» Exercise directions:
The pictures in the data below are to be omitted; all else must be duplicated exactly.

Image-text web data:
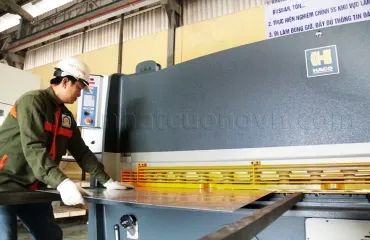Sản phẩm (370x240)_crop_haco_hsl_hydraulic_guillotine_shears_3006_12 — Thiết bị Nhật Cường - Công Ty TNHH DV TM Nhật Cường — MST 0302560181
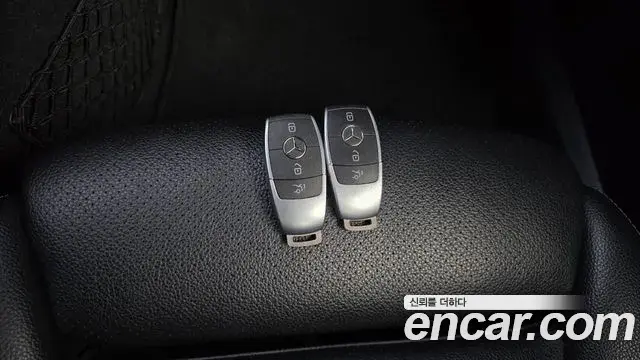 Mercedes-Benz C-Class 2019 — Photo 2/30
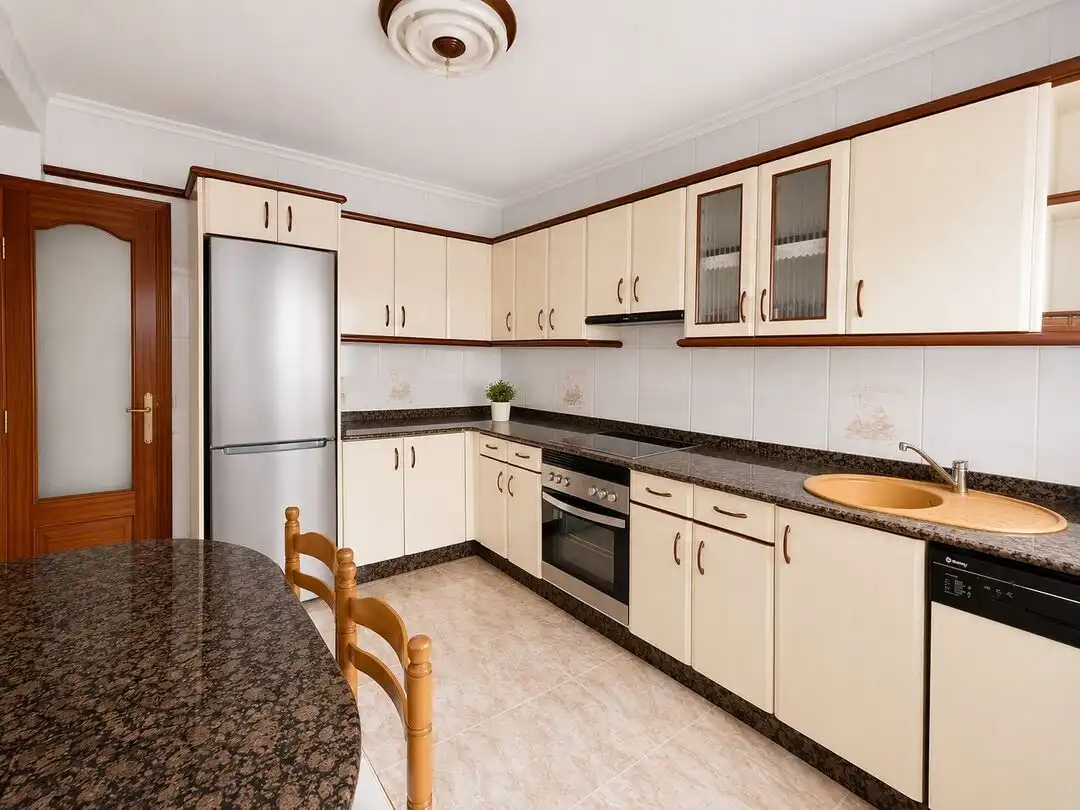 Küche von Wohnung zum Verkauf in Siero mit Heizung und Terrasse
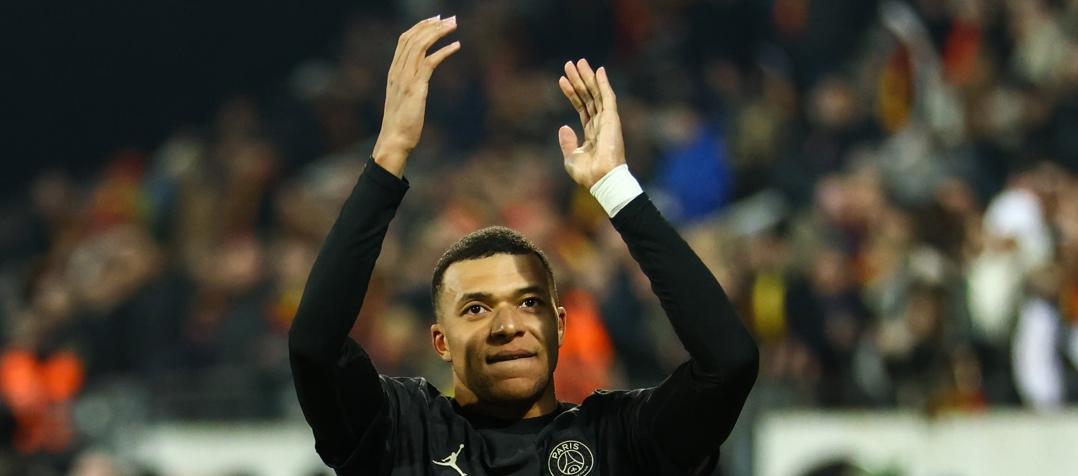 Kylian Mbappé renovó contrato por dos temporadas en 2022 con el PSG.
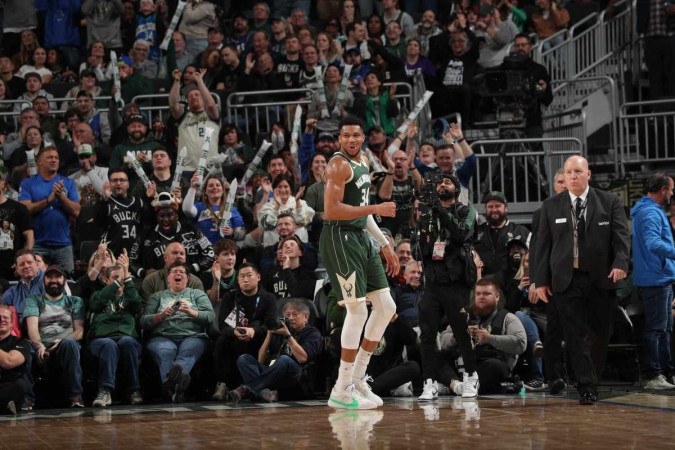 Giannis marcou o terceiro triplo-duplo da temporada na vitória contra o Cleveland Cavaliers -  (crédito: Gary Dineen / AFP)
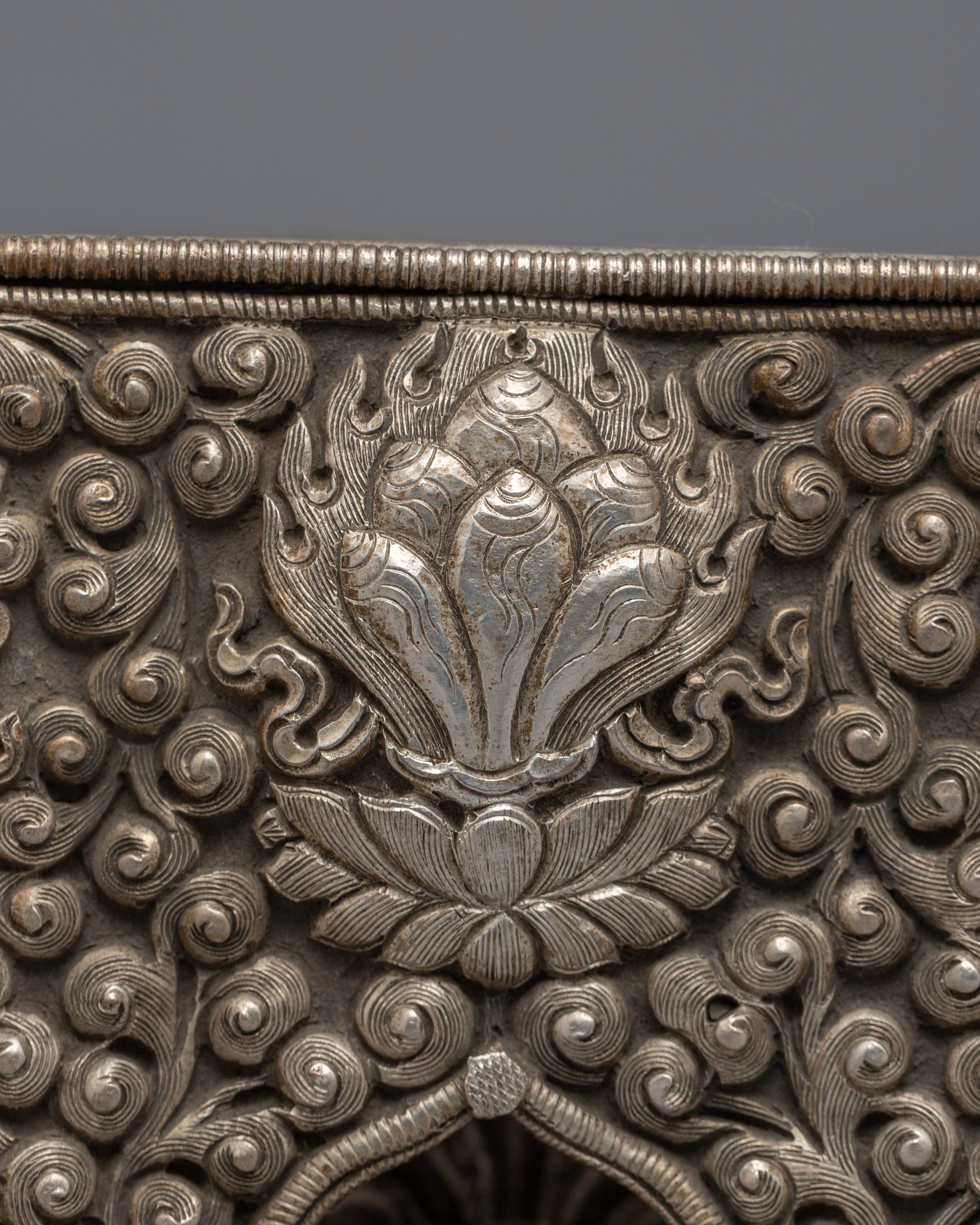 Hand-made Buddhist Ghau | Himalyan Art work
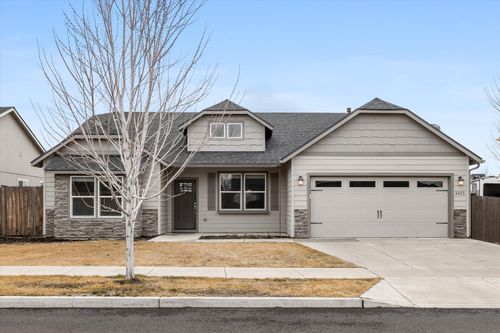 2433 Nw Hazelwood Ave, Redmond, OR, 97756-8944 | Card Image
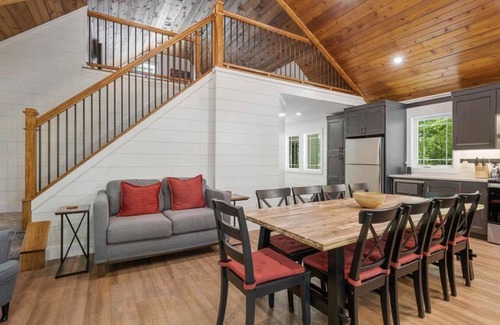 Harbor Springs House | Cozy 4-bedroom house in Harbor Springs! 5 minutes to Nub's Nob & Boyne Highlands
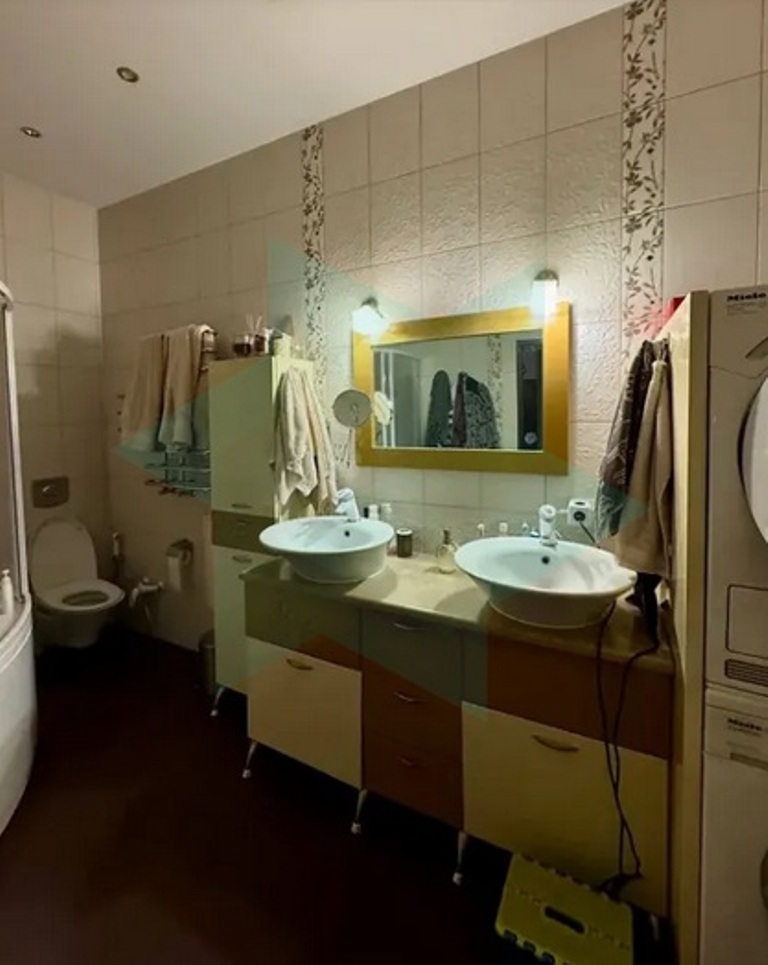 Продажа 3-комнатной квартиры 110 м², Маршала Малиновского ул., 48А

» Answer box:
Sản phẩm (370x240)_crop_haco_hsl_hydraulic_guillotine_shears_3006_12 — Thiết bị Nhật Cường - Công Ty TNHH DV TM Nhật Cường — MST 0302560181
 Mercedes-Benz C-Class 2019 — Photo 2/30
 Küche von Wohnung zum Verkauf in Siero mit Heizung und Terrasse
 Kylian Mbappé renovó contrato por dos temporadas en 2022 con el PSG.
 Giannis marcou o terceiro triplo-duplo da temporada na vitória contra o Cleveland Cavaliers -  (crédito: Gary Dineen / AFP)
 Hand-made Buddhist Ghau | Himalyan Art work
 2433 Nw Hazelwood Ave, Redmond, OR, 97756-8944 | Card Image
 Harbor Springs House | Cozy 4-bedroom house in Harbor Springs! 5 minutes to Nub's Nob & Boyne Highlands
 Продажа 3-комнатной квартиры 110 м², Маршала Малиновского ул., 48А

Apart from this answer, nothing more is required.